Friday, January 05, 2007

Bungling on the Gallows:

The story of Nuri al-Maliki's bungling of Saddam's execution goes on. One would have thought that by now we'd be on to some new disaster in Iraq. But no. The political reverberations from the rush-job to kill Saddam haven't ended yet. Even the arrest of a few of the usual suspects hasn't stemmed the avalanche of condemnation raining down on the Iraqi and U.S. governments. (Imagine that!) The NYT reports today that as W. prepares to begin the sales pitch for his New Way Forward in Iraq, Republican and Democratic lawmakers were still expressing "dismay at the scene surrounding the final minutes of Mr. Hussein's life." Even John McCain, 'Mr. Surge,' said "It's a very bad thing, it's harmful and I'm sorry it happened." Gosh, it's bad enough the Dems are in control of Congress, but when you've got McCain saying stuff like that you know you've got a serious PR problem that's sure to make the selling of the NWF a lot more difficult.

W.'s handlers at the White House have apparently finally gotten the message that no one is willing to put this behind them and move on quite yet. So yesterday, W. for the first time acknowledged that something had actually gone wrong -- though, naturally, he hadn't seen the video -- but the best reaction he could muster was to say that he wished that the execution had "been done in a more dignified way." By "dignified," I guess he really means that he wishes the sordid nature of the killing hadn't been broadcast all over the world. I don't see how hanging someone, even a brutal tyrant, is ever dignified.

The White House still insists that everything was all legal and on the up and up. There are all these questions floating around, though, about whether all the i's were dotted and all the t's were crossed on the death warrant.

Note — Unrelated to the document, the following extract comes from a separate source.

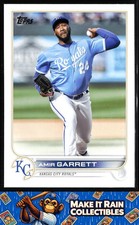 Amir Garrett 2022 Topps Update #US211 Kansas City Royals Baseball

The AP reported on Wednesday that U.S. officials, speaking on condition of anonymity, had asked Nuri al-Maliki to delay the execution until after the Islamic festival of Eid to avoid a "negative reaction in the Islamic world" and "because of unresolved constitutional and legal questions that the Americans believed threw the legitimacy of the execution into doubt." According to the official quoted by AP, "we said we thought it would be better if they delayed until after Eid and use the delay to resolve the legal issues." Zalmay Khalilzad, soon to be our new U.N. ambassador, is said to have also appealed to al-Maliki to stop the execution, but relented when he was told it was all legal. (Oh sure, just take their word for it.) Out of respect for "Iraqi sovereignty" the decision was made to turn Saddam over to his Shiite executioners. Tellingly, "the Americans would not say whether the decision was made in the White House." [Hmmm... I wonder.]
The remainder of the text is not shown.